Starting at the first line of the data, please print exactly those lines through the one that holds "What is balanced", omitting every picture.

**DATA BLOCK**

- - - - - - -

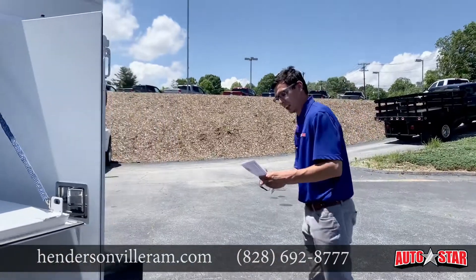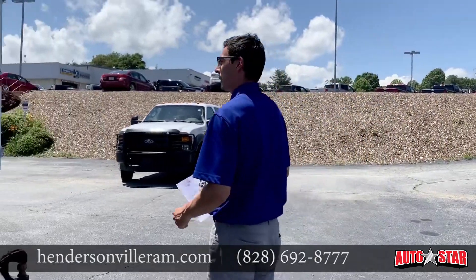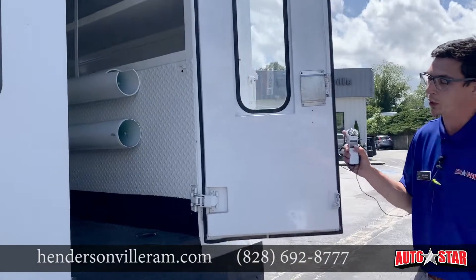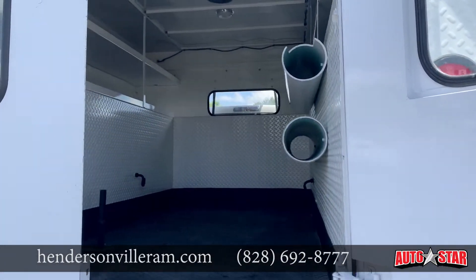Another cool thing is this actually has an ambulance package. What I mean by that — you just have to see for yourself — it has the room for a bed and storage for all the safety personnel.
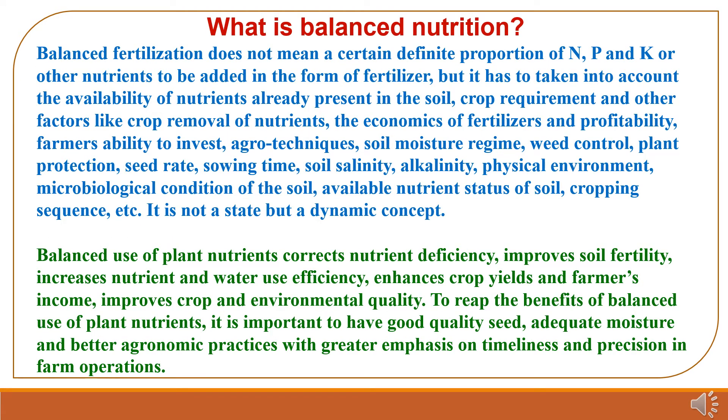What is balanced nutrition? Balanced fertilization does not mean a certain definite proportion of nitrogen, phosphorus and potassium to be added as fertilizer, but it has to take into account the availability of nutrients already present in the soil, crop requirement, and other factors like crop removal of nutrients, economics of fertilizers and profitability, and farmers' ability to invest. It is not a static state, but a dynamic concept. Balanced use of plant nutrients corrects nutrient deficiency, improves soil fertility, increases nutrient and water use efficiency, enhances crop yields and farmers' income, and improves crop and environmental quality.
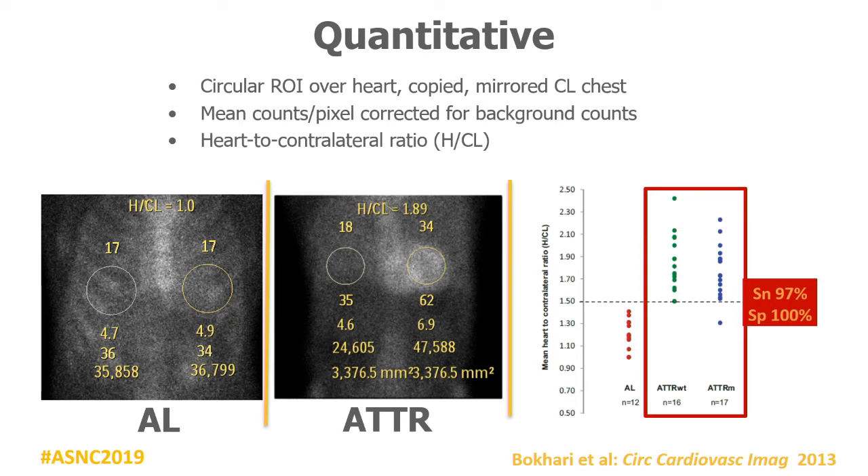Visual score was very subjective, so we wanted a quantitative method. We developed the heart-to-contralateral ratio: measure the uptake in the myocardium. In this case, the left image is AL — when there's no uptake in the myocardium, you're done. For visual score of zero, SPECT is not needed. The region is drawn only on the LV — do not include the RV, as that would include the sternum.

- - - - - - -

**WRITTEN RESPONSE**
Another cool thing is this actually has an ambulance package. What I mean by that — you just have to see for yourself — it has the room for a bed and storage for all the safety personnel.
What is balanced nutrition? Balanced fertilization does not mean a certain definite proportion of nitrogen, phosphorus and potassium to be added as fertilizer, but it has to take into account the availability of nutrients already present in the soil, crop requirement, and other factors like crop removal of nutrients, economics of fertilizers and profitability, and farmers' ability to invest. It is not a static state, but a dynamic concept. Balanced use of plant nutrients corrects nutrient deficiency, improves soil fertility, increases nutrient and water use efficiency, enhances crop yields and farmers' income, and improves crop and environmental quality.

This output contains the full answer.